Moving through the house to the stairwell, several members reported feeling cold spots and goosebumps as they climbed. As the team moved to the second floor, our EMF (electromagnetic field) meters registered high levels of energy in a doorway-lined hallway coming off the stairs. Four doorways face each other in a cross-like pattern, leading to a guestroom, the master bedroom, the daughter’s room, and to a bathroom. The readings remained consistent in the hallway itself, yet ended several steps inside each doorway. Only the bathroom held no energy inside (perhaps, as ghosts have no corporeal bodies they no longer need to use it!) Inside the guestroom, another member sensed moving energy, moving from one corner to the other, which she thought, was a male presence.

Lastly, the area of the fireplace held great EMF energy. Could it be that the house, built on or near the Kitchen Mounds of the Tocobagan tribe, channels energy through what might be considered the hearth of the home?  

“This was the strongest energy level I have experienced to date,” Lee said. “This high energy level may be from one or more of the occupants, past residue from prior occupants, or may emanate from the Indian mounds which surround the home.”

It appears that, for now, Roser Park is unwilling to divulge its secrets to outsiders. Only time and repeated investigations may help solve the mystery of the miscellaneous tenants that reside inside.

​Investigation Notes: 

History of house:
Built in 1920 and no records found before that by current residents though they will keep searching after given other avenues to try by Brandy. Other residents of the house included a woman who was in the Navy that lived there for 3 years though rarely home. After she left the house was abandoned, boarded up and occupied by vagrants. The tenants before Jeff & Veronica only stayed one month and according to Veronica refused to live upstairs on second floor. The laundry was the only sign of habitation and the rest was used for storage. According to Veronica the living room is built on top of a Native American kitchen mound. The entire area of Roser Park is built on Indian Mounds.

History of haunting:
Currents residents are a family of three: “Jeff”  “Valerie” and “Sydney”. Jeff and Veronica have both had paranormal experiences in the past and have both seen ghosts before.
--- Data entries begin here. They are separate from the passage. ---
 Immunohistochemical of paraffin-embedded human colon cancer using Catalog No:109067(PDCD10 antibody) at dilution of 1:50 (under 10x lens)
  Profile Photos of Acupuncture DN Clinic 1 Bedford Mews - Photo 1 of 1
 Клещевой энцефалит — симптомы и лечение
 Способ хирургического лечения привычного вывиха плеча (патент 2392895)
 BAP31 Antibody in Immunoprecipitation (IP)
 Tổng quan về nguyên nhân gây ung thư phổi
Both are very open to the paranormal and the spirits in the house. Jeff has had OBE, past life, and followed many paths with different religions in his life. Valerie’s sensitivity runs strongly in her family. They’ve been in the home for 6 months and felt activity from the first month with Sydney being the first to realize something was in the house though Valerie had an idea. All three have witnessed/felt phenomena while alone or together including: dark shadows out the corner of the eye, footsteps upstairs when home alone day or night, doors opening and closing, frig door standing open, objects falling around the house such as the rods from unconstructed cd rack, small objects moved or not as they were left, master bedroom temperature changes of extreme hot/cold. F has seen a dark shadow of a man walk down the stairs and into the kitchen before returning by the same path on numerous occasions and always around midnight. The family feel this ghost is coming form the closet in the guest bedroom which has metal rings mounted along the wall. No idea what/why these are there. Sydney was reluctant to move in her current bedroom which is the purple room stating she felt uncomfortable. The family doesn’t feel threatened but would like to  know what’s going on and confirm their thoughts on the haunting.

Conclusions:

        There are 2 ghosts in the home; the male from upstairs and the elderly woman in the office. The male is protective and curious especially of Sydney, though he doesn’t want to be a bother. I feel as if the male is making rounds at night, making sure everyone and everything is okay, and keeping an
eye on the house as well as the family. The family doesn’t feel threatened which I think is making the ghosts comfortable, too. The fireplace and the little landing on the second floor leading to the hall/bedrooms is like a vortex/crossroads for activity in the house.